Dat denk ik eigenlijk mijn hele leven al. Dat ik in wezen, als het er echt op aankomt, alleen ben.
Natuurlijk heb ik dat vele malen bevestigd zien worden. Zo werkt het leven. Wanneer je kijkt met een gekleurde bril zie je ook alles in die kleur.Dus toen ik in mijn pubertijd alleen thuis was omdat mijn ouders aan het werk waren en mijn broer naar z'n vele vrienden vertrok, was ik alleen. Toen ik rond mijn 25ste in Zuid-Afrika woonde waar ik niemand kende en me vaak eenzaam voelde, was ik alleen. Drie jaar geleden lag ik, net na mijn scheiding, op bed te creperen van de pijn van een hernia en was ik... alleen.
Maar was dit allemaal wel zo? Werd ik niet gezien door de mensen in mijn omgeving of hield ik het zelf allemaal buiten de deur? Om dan vervolgens boos op te wereld te kunnen zijn dat ze me hadden laten stikken? En die boosheid vond ik dan ergens wel lekker.
Gisteren had ik een online training. We werden gevraagd naar het belangrijkste thema waarmee je worstelt in het leven.
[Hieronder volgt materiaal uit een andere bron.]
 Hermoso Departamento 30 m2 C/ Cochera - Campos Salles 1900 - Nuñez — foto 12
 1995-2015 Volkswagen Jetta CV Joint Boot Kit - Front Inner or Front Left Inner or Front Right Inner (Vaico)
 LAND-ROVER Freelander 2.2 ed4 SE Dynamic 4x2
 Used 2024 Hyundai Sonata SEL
Het antwoord was er meteen; Ik denk dat ik alleen ben. We werden in 'break-out rooms" verdeeld om de bevindingen met elkaar te bespreken. Daar zat ik in de break-out room, alleen, wachtend. Toen ik na een minuut of wat nog steeds alleen was heb ik de trainer erbij gehaald. Hij voegde me direct toe aan een andere break-out room. Daar waren ze al begonnen en ik wilde het gesprek niet onderbreken, dus hield me stil. De eerste persoon werd besproken. Ik zei niets. Er werd gewisseld; de volgende persoon werd besproken. Ik zei niets. Ik begon te twijfelen of ze wel konden zien dat ik er was. Maar ik zei niets. Het werd me steeds duidelijker dat ze niet doorhadden dat ik er was. Langzaam groeide de druk in mijn hoofd en een gevoel van spanning in mijn borst. Mijn lijf was weer teruggereisd naar toen; 30 jaar geleden alleen thuis, 20 jaar geleden alleen in Zuid-Afrika, 3 jaar geleden alleen op bed.
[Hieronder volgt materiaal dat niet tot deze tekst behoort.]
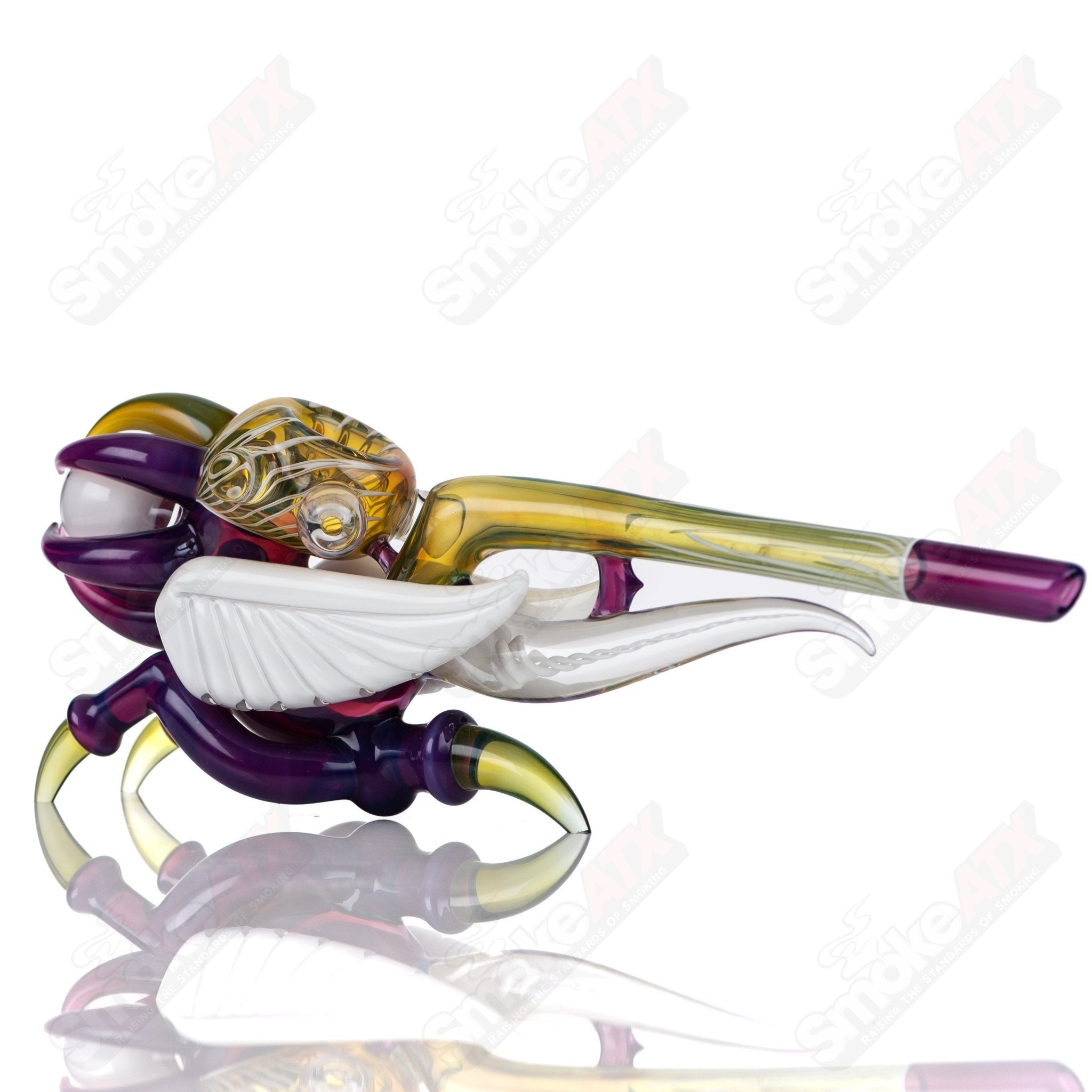 Winged Eye Sherlock JDZ - Smoke ATX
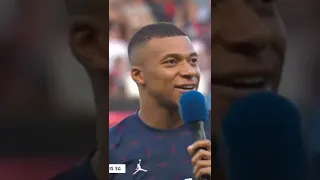 Mbappe Prolonge au PSG ⚽️⚽️😲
Maar nu lukte wat me toen niet lukte; ik maakte mezelf zichtbaar."Hallo, kunnen jullie me zien? Hebben jullie door dat ik er ook ben?" De tranen liepen over m'n wangen. En natuurlijk hadden ze me niet gezien en vonden ze dat heel erg vervelend voor me. Door mijn tranen was inmiddels een lach gebroken. Wat een bevrijding om zelf uit mijn isolement te stappen, uit te kunnen reiken en zeggen "hallo, hier ben ik", en dan gezien te worden.
Ik ben dus niet alleen en de rest van de dag was een heerlijk samenzijn wat dat bevestigde.